Some browsers (like Firefox) have their own trust store, other browsers rely on the trust store of the operating system they run on.
Now, imagine the following situation:
There is a guy called Peter who is trusted by Tom, who is trusted by Vito. Everyone trusts Vito because Vito is the head of a well-known and respected Family.
Then Vito decides to retire and announces that his son Michael will replace him as the head of the family, and whoever respects Vito must now respect Michael.
Tom pays his respect to Michael, and everything is good. But one day Vito dies…
Suddenly, it appears that a group of people respected Michael only because they respected Vito when he was alive and do not recognise Michael as the head of the respected family.
Things won’t end well for these people… So do the browsers or operating systems which do not regularly update their trust stores.

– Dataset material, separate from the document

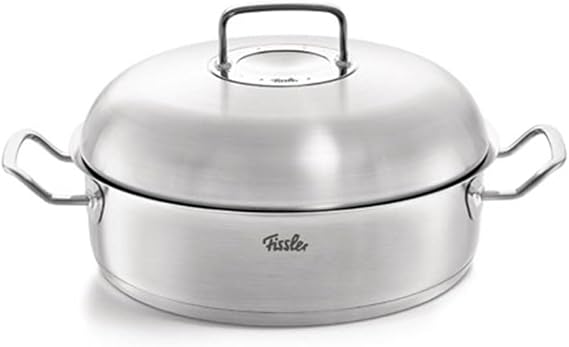 Fissler Original Profi Collection Stainless Steel Roasting Dish 4.8 L Diameter 28 cm Round Casserole Pot with Metal Lid Induction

Back to Michael's family drama…
The idea of Michael and Vito ruling the Family business together for some period of time sounds like a very good idea. For Michael, as the new official Head of the Family, it is a good opportunity to get some experience from his father, be introduced to different people etc., for Vito, as a retiring boss, it means that transition of power will be smooth, and the Family business will be in the good hands.
The same happens in the world of SSL certificates. Sometimes the new root certificates are signed by the older root certificates of the same Certificate Authorities. This is called cross-signing.
The older root certificates are more widely spread on various platforms and more likely to be trusted. The newer root certificates can take this advantage and be trusted by the systems, even while not being recognised as a root certificate on its own, just by the fact that they are cross-signed by the older (and trusted) root certificate.
The ultimate guide to Progressive Web App (PWA)
Everything you need to know about Progressive Web App (PWA); how does it work, the pros and cons, and many more.
However, the older root certificates have one critical defect – they expire sooner, and when it happens, the new root certificate is expected to have been disseminated well enough to be respected by the majority of the platforms.
Unfortunately, this is not as simple as it seems to be…
Imagine the following situation:
Knock, knock.
Who's there?
It's Peter
What Peter?
Tom sent me
Who is Tom?
He works for Michael, son of Vito
Come in...
Technically, this dialog is quite inefficient. Certainly, there is a room for improvement in this communication. Consider this:
Knock, knock.
Who's there?
It's Peter. Tom sent me. He works for Michael, son of Vito
Come in...
Now THAT is a much more efficient communication.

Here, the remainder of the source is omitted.